If you’re a regular reader of this blog, you may have noticed that I tend to be delighted by words. My friend Thom is probably the only person I know even more delighted by them; Thom, you see, is a linguist. I remember when I first came to church I was confused by the fact that I would sit next to him and he’d be taking notes in a different language each week just to practice.
Last week we came to be having a conversation about the way that language shapes culture and he brought up a very interesting fact: There is no Hebrew word for coincidence. Sure, in modern Hewbrew you could use mikre or mazal, but neither mean exactly that, nor are they found in the Torah. Why have a word for a concept that isn’t only alien to your culture but simply does not exist?
In Hebrew culture they believed instead in, Hashgacha Pratis, Divine providence or personal intervention. It was the Jewish belief that while the whole world was subject to general intervention of God to sustain His creation, He paid special personal attention to the lives of the children of Israel because they were children of His promise; the only condition was that they recognised Him as sovereign.
We are the children of His promise by the fact that we believe in Him. It follows that, if Hashgacha Pratis is correct, it is part of the way life works for those in Christ. While the rest of creation may be at the mercy of the slings and arrows of outrageous fortune, we have someone acting on our behalf through it all.
This does not take us out of the world, but it does mean that we are no longer of it. Someone far more powerful than we could ever imagine has our back. He is active in the minutiae as much as in the major. The Psalmist David had a great view on this when he penned Psalm 139.
O Lord, you have searched me and known me!
You know when I sit down and when I rise up;
you discern my thoughts from afar.
You search out my path and my lying down
and are acquainted with all my ways.
Even before a word is on my tongue,
behold, O Lord, you know it altogether.
You hem me in, behind and before,
and lay your hand upon me.
I was thinking about this on Saturday when I made a find on the dusty shelves of a used book store. For years I have wanted an original Penguin copy of A Farewell To Arms; it was the first fiction book they ever published and the first book to carry the iconic orange and white cover design.
I have looked in used book stores around Europe, determined to one day own a copy. On Saturday, whiling away some time at a local book shop, I found a copy nestling away on a shelf; it cost a mere £1.50. I smiled at the thought that God Himself was smiling on me and in some minor way orchestrating a little moment of delight.

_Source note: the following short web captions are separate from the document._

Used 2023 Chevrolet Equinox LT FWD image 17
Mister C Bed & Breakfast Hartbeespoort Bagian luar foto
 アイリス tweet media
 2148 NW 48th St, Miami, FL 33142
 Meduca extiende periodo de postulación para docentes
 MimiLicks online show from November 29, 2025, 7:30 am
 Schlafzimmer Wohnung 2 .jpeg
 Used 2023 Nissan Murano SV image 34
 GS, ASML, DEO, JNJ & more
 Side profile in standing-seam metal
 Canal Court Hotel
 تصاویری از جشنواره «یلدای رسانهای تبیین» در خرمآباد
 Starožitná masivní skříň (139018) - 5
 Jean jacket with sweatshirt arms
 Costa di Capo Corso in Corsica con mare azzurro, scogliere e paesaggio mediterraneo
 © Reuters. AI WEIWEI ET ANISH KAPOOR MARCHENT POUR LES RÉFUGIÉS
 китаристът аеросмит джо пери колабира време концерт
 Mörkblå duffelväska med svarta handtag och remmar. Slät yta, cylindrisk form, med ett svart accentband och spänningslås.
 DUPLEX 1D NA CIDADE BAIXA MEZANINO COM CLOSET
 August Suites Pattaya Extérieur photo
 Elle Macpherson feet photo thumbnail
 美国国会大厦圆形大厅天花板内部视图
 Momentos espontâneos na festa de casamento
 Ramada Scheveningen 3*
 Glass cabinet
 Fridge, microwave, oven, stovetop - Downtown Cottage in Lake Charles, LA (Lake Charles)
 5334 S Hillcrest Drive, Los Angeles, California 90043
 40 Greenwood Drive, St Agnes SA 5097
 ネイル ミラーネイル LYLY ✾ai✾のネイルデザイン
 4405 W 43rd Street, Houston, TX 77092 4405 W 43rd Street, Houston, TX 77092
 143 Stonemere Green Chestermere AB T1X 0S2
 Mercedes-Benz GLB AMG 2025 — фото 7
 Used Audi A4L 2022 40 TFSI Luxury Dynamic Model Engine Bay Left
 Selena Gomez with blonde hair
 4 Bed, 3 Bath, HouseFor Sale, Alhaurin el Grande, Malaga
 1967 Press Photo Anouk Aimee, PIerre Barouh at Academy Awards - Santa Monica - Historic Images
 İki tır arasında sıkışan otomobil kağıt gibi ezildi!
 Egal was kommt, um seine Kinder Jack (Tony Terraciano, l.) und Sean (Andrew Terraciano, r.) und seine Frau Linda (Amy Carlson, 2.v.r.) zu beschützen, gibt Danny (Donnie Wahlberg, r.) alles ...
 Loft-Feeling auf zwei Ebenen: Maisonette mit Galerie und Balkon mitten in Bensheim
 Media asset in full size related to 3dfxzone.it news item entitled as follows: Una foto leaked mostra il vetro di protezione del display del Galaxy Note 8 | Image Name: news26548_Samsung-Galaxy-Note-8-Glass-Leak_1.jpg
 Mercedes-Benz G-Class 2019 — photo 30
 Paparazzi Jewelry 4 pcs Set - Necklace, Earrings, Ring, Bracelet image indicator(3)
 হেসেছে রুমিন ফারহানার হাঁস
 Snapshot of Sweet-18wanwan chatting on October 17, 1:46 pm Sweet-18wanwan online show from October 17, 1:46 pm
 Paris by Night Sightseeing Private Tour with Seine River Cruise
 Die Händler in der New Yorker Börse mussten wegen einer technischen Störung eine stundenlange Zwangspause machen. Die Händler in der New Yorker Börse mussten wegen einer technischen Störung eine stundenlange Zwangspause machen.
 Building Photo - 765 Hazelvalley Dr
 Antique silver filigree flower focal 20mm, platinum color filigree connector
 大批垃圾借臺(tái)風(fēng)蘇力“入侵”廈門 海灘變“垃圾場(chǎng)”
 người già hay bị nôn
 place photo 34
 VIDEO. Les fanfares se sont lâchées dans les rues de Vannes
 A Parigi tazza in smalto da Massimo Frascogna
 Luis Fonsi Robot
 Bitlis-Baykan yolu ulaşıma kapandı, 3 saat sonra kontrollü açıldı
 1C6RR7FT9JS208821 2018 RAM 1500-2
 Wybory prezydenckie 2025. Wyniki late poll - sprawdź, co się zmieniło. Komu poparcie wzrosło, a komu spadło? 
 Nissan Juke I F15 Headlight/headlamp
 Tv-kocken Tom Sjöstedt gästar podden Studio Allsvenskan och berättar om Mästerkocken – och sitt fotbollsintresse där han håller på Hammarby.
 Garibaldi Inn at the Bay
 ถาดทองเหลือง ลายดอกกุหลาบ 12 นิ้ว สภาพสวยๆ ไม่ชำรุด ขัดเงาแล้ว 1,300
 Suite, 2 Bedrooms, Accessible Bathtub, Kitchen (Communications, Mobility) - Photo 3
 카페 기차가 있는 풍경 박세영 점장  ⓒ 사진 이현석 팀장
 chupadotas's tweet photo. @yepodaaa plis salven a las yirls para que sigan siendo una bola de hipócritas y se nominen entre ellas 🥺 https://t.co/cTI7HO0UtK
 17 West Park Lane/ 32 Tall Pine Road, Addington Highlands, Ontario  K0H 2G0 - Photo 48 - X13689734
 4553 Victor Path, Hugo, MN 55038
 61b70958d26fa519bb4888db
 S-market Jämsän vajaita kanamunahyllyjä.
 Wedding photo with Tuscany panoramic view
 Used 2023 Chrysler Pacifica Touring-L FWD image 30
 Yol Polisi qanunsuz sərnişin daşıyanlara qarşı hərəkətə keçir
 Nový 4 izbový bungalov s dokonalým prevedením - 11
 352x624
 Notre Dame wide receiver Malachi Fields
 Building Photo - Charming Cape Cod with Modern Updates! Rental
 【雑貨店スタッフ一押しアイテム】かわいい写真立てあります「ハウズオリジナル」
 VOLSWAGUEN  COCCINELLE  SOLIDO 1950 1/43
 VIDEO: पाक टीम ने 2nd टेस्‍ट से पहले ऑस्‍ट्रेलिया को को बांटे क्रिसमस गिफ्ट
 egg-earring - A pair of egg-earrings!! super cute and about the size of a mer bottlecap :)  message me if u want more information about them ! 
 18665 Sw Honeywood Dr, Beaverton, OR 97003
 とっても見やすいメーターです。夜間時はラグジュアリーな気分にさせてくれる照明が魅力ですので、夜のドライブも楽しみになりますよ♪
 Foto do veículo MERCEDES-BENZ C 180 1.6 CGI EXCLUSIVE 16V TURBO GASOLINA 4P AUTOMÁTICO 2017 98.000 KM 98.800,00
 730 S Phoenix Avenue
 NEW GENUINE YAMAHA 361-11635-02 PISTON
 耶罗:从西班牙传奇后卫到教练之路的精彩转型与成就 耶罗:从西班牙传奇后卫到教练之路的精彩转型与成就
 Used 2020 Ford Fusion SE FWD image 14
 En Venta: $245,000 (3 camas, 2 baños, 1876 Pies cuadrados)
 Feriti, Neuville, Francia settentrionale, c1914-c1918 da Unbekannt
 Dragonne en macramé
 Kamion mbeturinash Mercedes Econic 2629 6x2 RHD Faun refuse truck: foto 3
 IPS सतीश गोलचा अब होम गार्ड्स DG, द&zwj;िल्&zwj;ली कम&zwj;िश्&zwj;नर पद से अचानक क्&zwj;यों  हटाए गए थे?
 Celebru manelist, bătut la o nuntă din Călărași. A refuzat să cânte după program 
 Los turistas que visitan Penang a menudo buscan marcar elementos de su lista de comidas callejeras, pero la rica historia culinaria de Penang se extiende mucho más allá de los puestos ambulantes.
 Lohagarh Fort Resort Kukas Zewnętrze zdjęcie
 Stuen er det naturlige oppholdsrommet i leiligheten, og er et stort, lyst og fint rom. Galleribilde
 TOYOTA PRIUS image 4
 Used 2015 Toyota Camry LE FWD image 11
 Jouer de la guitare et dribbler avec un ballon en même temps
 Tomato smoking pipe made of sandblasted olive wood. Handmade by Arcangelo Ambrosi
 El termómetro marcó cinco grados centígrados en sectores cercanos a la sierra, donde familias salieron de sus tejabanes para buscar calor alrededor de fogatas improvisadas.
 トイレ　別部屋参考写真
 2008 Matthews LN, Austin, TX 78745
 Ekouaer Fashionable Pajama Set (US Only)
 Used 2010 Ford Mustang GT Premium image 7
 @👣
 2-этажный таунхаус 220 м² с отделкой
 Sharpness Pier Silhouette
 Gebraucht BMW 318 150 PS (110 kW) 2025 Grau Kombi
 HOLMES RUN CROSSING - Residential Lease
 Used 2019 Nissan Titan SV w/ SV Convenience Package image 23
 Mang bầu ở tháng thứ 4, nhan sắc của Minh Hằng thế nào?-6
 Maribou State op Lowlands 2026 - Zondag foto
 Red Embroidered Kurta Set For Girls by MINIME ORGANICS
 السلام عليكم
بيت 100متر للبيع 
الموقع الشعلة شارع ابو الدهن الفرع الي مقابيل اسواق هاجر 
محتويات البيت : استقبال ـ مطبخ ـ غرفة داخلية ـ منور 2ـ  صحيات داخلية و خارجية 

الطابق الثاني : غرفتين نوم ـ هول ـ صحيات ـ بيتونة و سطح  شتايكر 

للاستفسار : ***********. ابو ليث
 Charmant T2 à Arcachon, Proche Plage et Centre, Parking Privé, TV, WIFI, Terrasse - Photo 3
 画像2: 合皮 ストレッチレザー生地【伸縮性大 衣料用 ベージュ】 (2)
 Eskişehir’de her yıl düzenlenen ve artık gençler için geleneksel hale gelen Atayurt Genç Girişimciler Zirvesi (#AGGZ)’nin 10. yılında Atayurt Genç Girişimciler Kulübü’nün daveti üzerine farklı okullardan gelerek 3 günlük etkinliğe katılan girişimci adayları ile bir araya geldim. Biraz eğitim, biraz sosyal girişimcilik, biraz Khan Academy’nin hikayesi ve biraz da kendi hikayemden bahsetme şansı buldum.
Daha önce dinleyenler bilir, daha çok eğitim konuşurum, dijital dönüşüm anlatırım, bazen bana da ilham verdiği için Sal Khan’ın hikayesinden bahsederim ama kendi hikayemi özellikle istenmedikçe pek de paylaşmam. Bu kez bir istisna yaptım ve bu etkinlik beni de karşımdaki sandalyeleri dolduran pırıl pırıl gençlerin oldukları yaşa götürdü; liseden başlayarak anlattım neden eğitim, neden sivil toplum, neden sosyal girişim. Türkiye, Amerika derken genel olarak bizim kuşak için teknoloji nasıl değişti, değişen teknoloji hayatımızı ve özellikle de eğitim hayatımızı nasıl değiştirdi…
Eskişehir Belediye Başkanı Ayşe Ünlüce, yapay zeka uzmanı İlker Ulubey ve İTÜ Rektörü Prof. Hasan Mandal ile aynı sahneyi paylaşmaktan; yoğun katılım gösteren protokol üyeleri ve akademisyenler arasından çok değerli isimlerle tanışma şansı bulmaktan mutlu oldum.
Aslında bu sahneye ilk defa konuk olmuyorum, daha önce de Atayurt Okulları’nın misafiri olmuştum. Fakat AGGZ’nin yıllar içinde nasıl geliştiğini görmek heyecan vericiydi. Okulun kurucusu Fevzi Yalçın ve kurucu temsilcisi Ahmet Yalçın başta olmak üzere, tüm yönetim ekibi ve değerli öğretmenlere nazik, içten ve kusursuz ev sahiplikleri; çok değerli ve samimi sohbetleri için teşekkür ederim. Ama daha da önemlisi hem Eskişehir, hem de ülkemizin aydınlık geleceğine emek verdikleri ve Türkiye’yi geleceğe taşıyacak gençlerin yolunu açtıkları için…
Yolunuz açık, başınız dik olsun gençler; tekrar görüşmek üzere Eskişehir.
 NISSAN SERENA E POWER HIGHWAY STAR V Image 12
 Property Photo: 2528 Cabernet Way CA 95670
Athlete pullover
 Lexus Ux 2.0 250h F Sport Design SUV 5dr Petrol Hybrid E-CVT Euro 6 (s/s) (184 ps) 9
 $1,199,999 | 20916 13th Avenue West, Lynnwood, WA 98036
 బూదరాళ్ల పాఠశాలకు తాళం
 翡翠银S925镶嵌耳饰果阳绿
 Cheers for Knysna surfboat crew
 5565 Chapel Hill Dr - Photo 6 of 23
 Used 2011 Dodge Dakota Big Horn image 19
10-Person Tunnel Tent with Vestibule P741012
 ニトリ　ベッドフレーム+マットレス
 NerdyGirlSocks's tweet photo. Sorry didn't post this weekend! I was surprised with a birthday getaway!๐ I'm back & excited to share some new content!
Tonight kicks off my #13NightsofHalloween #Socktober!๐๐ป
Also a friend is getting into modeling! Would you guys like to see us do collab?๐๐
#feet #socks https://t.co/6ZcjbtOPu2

Me finding that book is really of no major significance. The world will not be a better place because I own it, I will not be more or less able to serve people because of it, and it isn’t a Christian book. Its sole purpose could seem to be nothing but vapor, a random coincidence, but then I think of that ancient concept of Hashgacha Pratis and wonder if it is not His doing?
In giving us those small moments of delight not only are we reminded of a God who likes to give good gifts to His children for no other reason than love, but we are also reminded of a God who remains faithful always to His promises; we’re reminded of the fact that He is always working things, both big and small, together for our good.